1. Delay Cost Negotiations

When objections happen at the start of your sales pitch, delay price talks until you've thoroughly discussed the solution your product offers. For example: "We have a few price options, but let me first explain how our service works and how it might be a good fit for you." Temporarily put customers at ease by making the cost seem flexible, giving you more time to compare the customer's needs to your product solutions. After all, it's beneficial for you and clients to determine whether they're qualified leads before negotiating price.

2. Offer a Case Study

Cutting costs is a top priority for most consumers and companies, even when they have the budget to pay more. Empathize with client concerns, and use relatable case studies to break down their resistance. Say, "I understand that this seems like a lot. I recently had another customer who was uneasy at first, but she discovered that our service simplified her financial accounting so much that she could recover the investment cost within 60 days." A persuasive sales pitch highlights a measurable benefit of the product or an efficient way to use the product.

3. Provide a Price Breakdown

Parting with a large sum is daunting, and customers often need a transparent cost analysis to consider how purchases can fit into their budgets. Encourage customers to think about the cost at its lowest denomination. For a budget-conscious buyer, a $200 annual membership sounds more appealing when you emphasize the monthly cost of $17 or the daily cost of 55 cents.

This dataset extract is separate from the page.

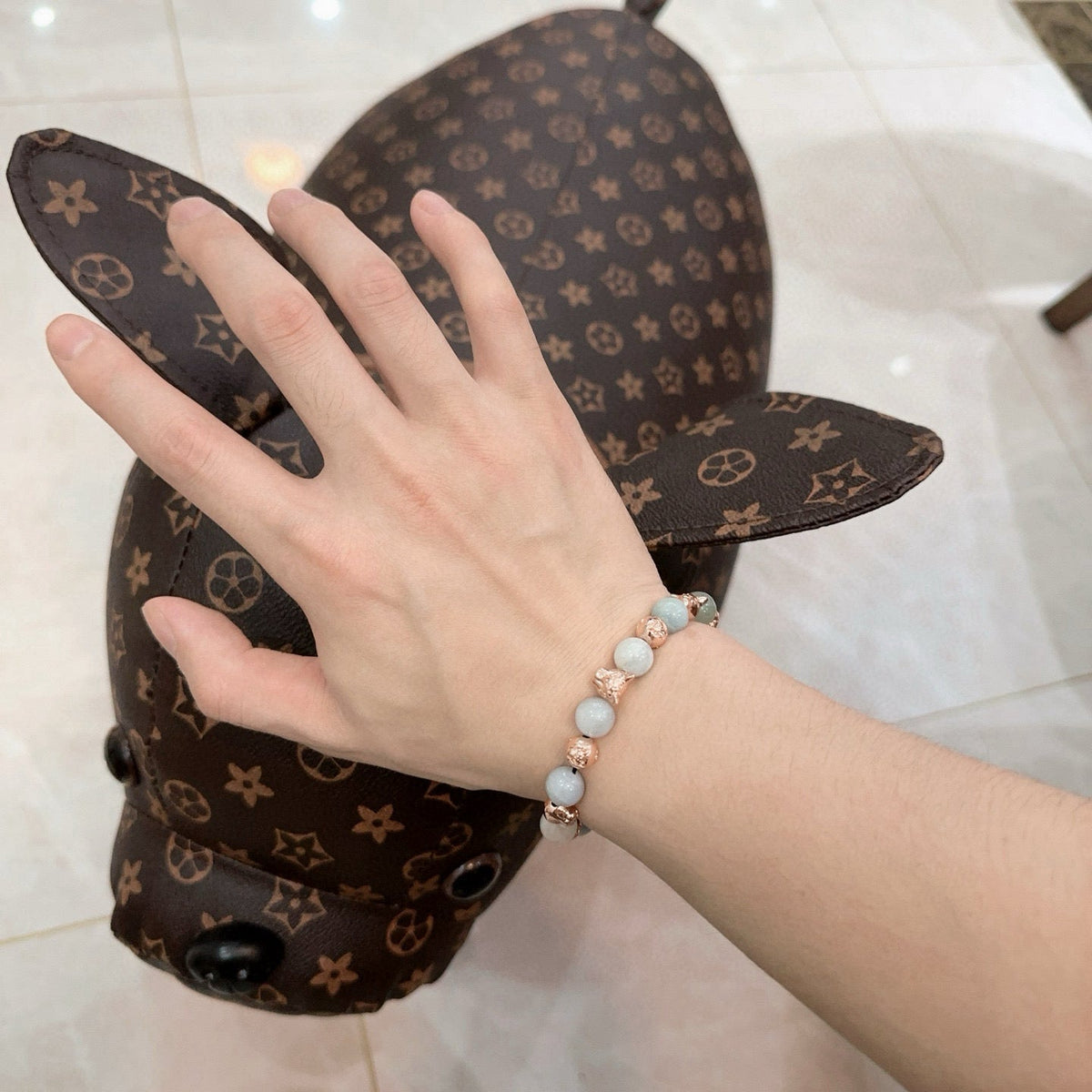 Martin Graham bracelet in polished metal-tone – detail view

When selling an expensive product that customers typically use for years, emphasize how the longevity of the product saves money. For example, a $450 set of dining chairs with a five-year manufacturer warranty equals a worthwhile investment of $90 a year or 24 cents a day. Describe how much use customers can get out of your product, especially if it can maintain good quality long after any coverage expires.

4. Clarify Customer Expectations

Keep in mind, some customers are trying your type of product for the first time, which means they don't have an accurate idea of what it should cost. Others are shopping around and finding lower prices. Respond with, "It makes sense to look for the best deal. What would you expect to pay for this product? What is off-putting about this price?" This sales pitch prompts clients to consider what individual product features offer and how they add more value to the complete solution. You also gain the perfect opportunity to differentiate your value proposition if the customer is comparing you to competitors.

A good sales pitch can be easily adapted to overcome common points of resistance. Understanding what motivates your target clients can help you anticipate their objections and keep your conversion rate climbing.